In the hands of another director, "Robot and Frank" might be a hilarious caper about a retired crook looking for one last score and his unwitting robot accomplice. But the reality is that this tidy little film has much more important things to worry about: aging, death, and the little indignities that happen with each lost memory.
Frank Weld (Frank Langella) is slowly losing his mind. He also happens to be an ex-con with a criminal past and a propensity for breaking and entering -- the film begins with him breaking into a home, only to realize that it's his own. That one scene perfectly sums up Frank's dilemma as a man whose only hobby is a crime that he can no longer remember.
Frank's son and daughter Madison (Liv Tyler) have taken this road with him many times and are now so tired of the routine that they have little time for him anymore. His son Hunter (James Marsden) gives him a robot companion (Peter Sarsgaard). It is never given a name. It walks like the Honda ASIMO, but -- as fitting its near-future setting -- is more advanced, capable of everything from gardening to picking locks. It's the latter skill that finally charms Frank and gets him to accept the robot, an artificial intelligence that amorally sees any activity Frank enjoys as critical to his rehabilitation.

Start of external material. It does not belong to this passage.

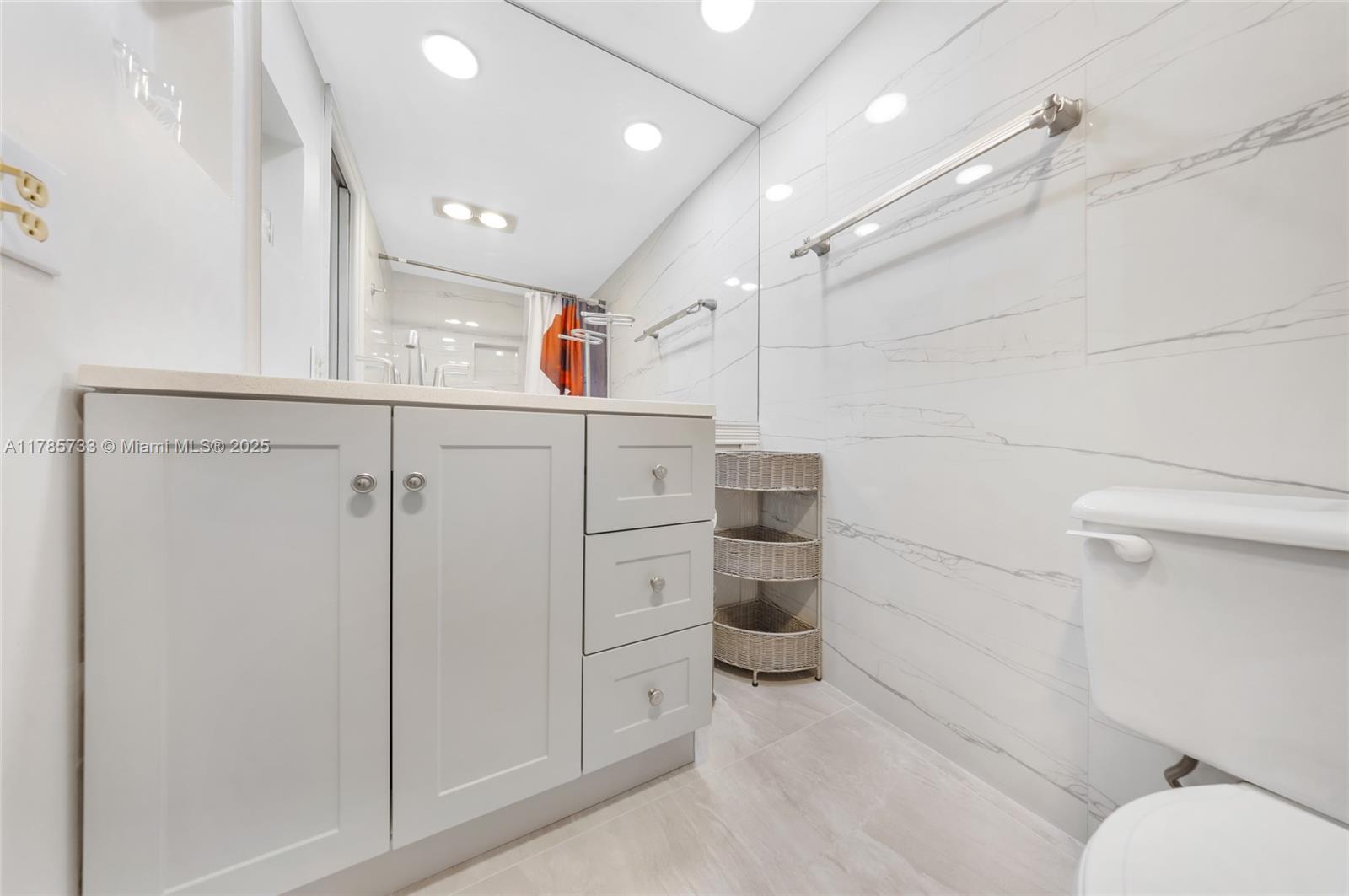 Palm Aire Pompano Beach, FL 33069 - Photo 16 of 27 a view of storage and utility room with washer and dryer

Back to that comic caper. Frank discovers his favorite local library is being replaced by yuppie jerk Jake (Jeremy Strong) more interested in converting documents to digital than reading books, and the symbolic struggle between the physical and the electronic centers on an antique copy of Don Quixote. There's even a maiden in the tale, pretty librarian Jennifer (Susan Sarandon). And so, accompanied by his dutiful companion, our errant knight jousts at windmills for his fair lady.
But the truth is much more prosaic. Frank's reality unravels slowly at first, and then snowballs into a series of lies he's told himself and his children, betrayed by his own faulty memory of who he was and who he hoped he would be.
This is a deceptively complex film that offers no easy answers, even if its ending is a little trite.